1.2. Rumusan Masalah
Lalu ada apakah di masa remaja ini? Seberapa besarkah pentingnya
untuk menangani masa remaja dan seberapa besar pengaruhnya untuk kehidupan
dimasa depan individu tersebut? Adakah keterkaitanya dengan era globalisasi
sekarang ini?
BAB II
PEMBAHASAN
2.1.Pengertian
Globalisasi
Menurut asal katanya, kata "globalisasi" diambil dari
kata global, yang maknanya
ialah universal. Achmad
Suparman menyatakan globalisasi adalah suatu proses menjadikan sesuatu
(benda atau perilaku) sebagai ciri dari setiap individu di dunia ini tanpa
dibatasi oleh wilayah. Globalisasi
belum memiliki definisi yang mapan, kecuali sekedar definisi kerja (working definition), sehingga tergantung
dari sisi mana orang melihatnya. Ada yang memandangnya sebagai suatu proses
sosial, atau proses sejarah, atau proses alamiah yang akan membawa seluruh
bangsa dan negara di dunia makin terikat satu sama lain, mewujudkan satu
tatanan kehidupan baru atau kesatuan ko-eksistensi dengan menyingkirkan
batas-batas geografis, ekonomi dan budaya masyarakat.[1]
Adapun konsep globalisasi menurut pendapat para ahli adalah :
1. Malcom
Waters, Globalisasi
adalah sebuah proses sosial yang berakibat bahwa pembatasan geografis pada
keadaan sosial budaya menjadi kurang penting, yang terjelma didalam kesadaran
orang.
2. Emanuel
Ritcher, Globalisasi adalah jaringan kerja
global secara bersamaan menyatukan masyarakat yang sebelumnya terpencar-pencar
dan terisolasi kedalam saling ketergantungan dan persatuan dunia.
3. Thomas
L. Friedman, Globlisasi memiliki dimensi ideology
dan teknlogi. Dimensi teknologi yaitu kapitalisme dan pasar bebas, sedangkan
dimensi teknologi adalah teknologi informasi yang telah menyatukan dunia.[2]
Globalisasi merupakan fenomena berwajah majemuk.
Istilah globalisasi sering diidentikkan dengan:
1. Internasionalisasi,
yaitu hubungan antar Negara, meluasnya arus perdagangan dan penanaman modal
2. Liberalisasi, yaitu
pencabutan pembatasan-pembatasan pemerintah untuk membuka ekonomi tanpa pagar
(borderless world) dalam hambatan perdagangan, pembatasan keluar masuk mata
uang, kendali devisa, dan izin masuk suatu Negara (visa)

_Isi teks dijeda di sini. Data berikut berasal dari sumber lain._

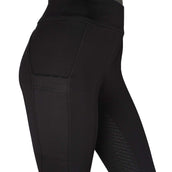 Rebel Riding Legging Contrant Piping Black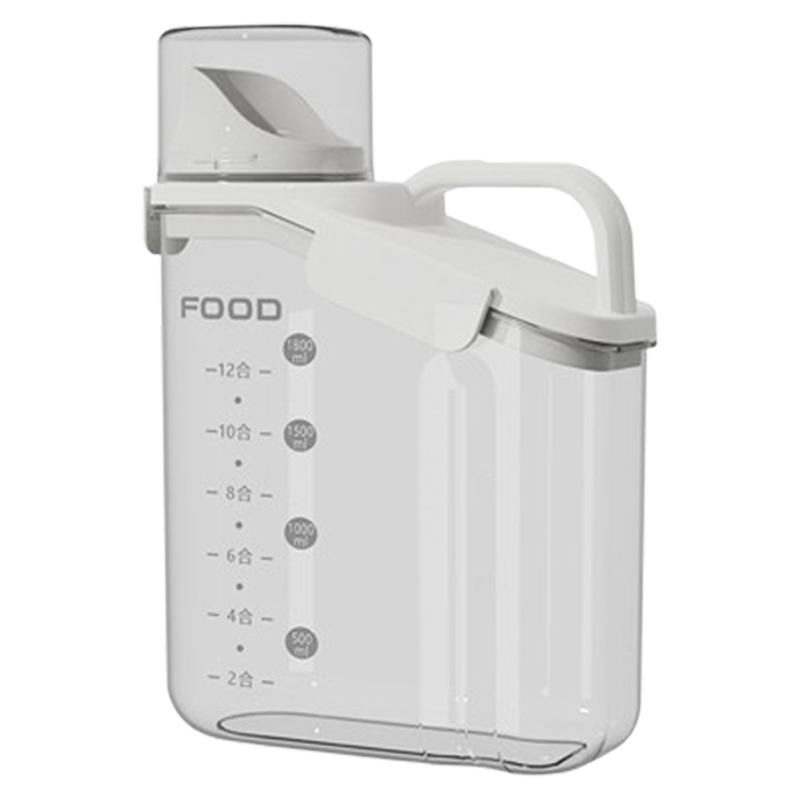 时光旧巷密封罐五谷杂粮厨房储物罐透明零食塑料罐粗粮谷物收纳罐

3. Universalisasi, yaitu ragam
selera atau gaya hidup seperti pakaian, makanan, kendaraan di seluruh pelosok
penjuru dunia.
4. Westernisasi atau
Amerikanisasi, yaitu ragam hidup model budaya Barat atau Amerika.
5. De-Teritorialisasi,
yaitu perubahan-perubahan geografi sehingga ruang sosial dalam perbatasan,
tempat, dan jarak menjadi berubah.[3]
2.2.Permasalahan Akhlak Remaja
Dewasa
ini dengan terjadinya perkembangan global disegala bidang kehidupan selain
mengindikasikan kemajuan umat manusia disatu pihak, juga mengindikasikan
kemunduran akhlak di pihak lain. Di samping itu, era informasi yang berkembang
pesat pada saat ini dengan segala dampak positif dan negatifnya telah mendorong
adanya pergeseran nilai di kalangan remaja.
Kemajuan
kebudayaan melalui pengembangan IPTEK oleh manusia yang tidak seimbang dengan
kemajuan moral akhlak, telah memunculkan gejala baru berupa krisis akhlak
terutama terjadi dikalangan remaja yang memiliki kondisi jiwa yang labil, penuh
gejolak dan gelombang serta emosi yang meledak-ledak ini cenderung mengalami peningkatan
karena mudah dipengaruhi.
Gejala akhlak
remaja yang cenderung kurang hormat terhadap orang tua, melawan orang tua,
terjerumus dalam perilaku sex bebas, kurang disiplin dalam beribadah, mudah
terpengaruh aliran sesat, pendendam, menjadi pemakai obat-obatan, berkata tidak
sopan, pendusta, tidak bertanggungjawab dan perilaku lainnya yang menyimpang
telah melanda sebagian besar kalangan remaja.
Secara langsung ataupun
tidak langsung banyak sekali dampak negatif yang ditimbulkan oleh arus
globalisasi terhadap psikologi para remaja, khususnya remaja Indonesia.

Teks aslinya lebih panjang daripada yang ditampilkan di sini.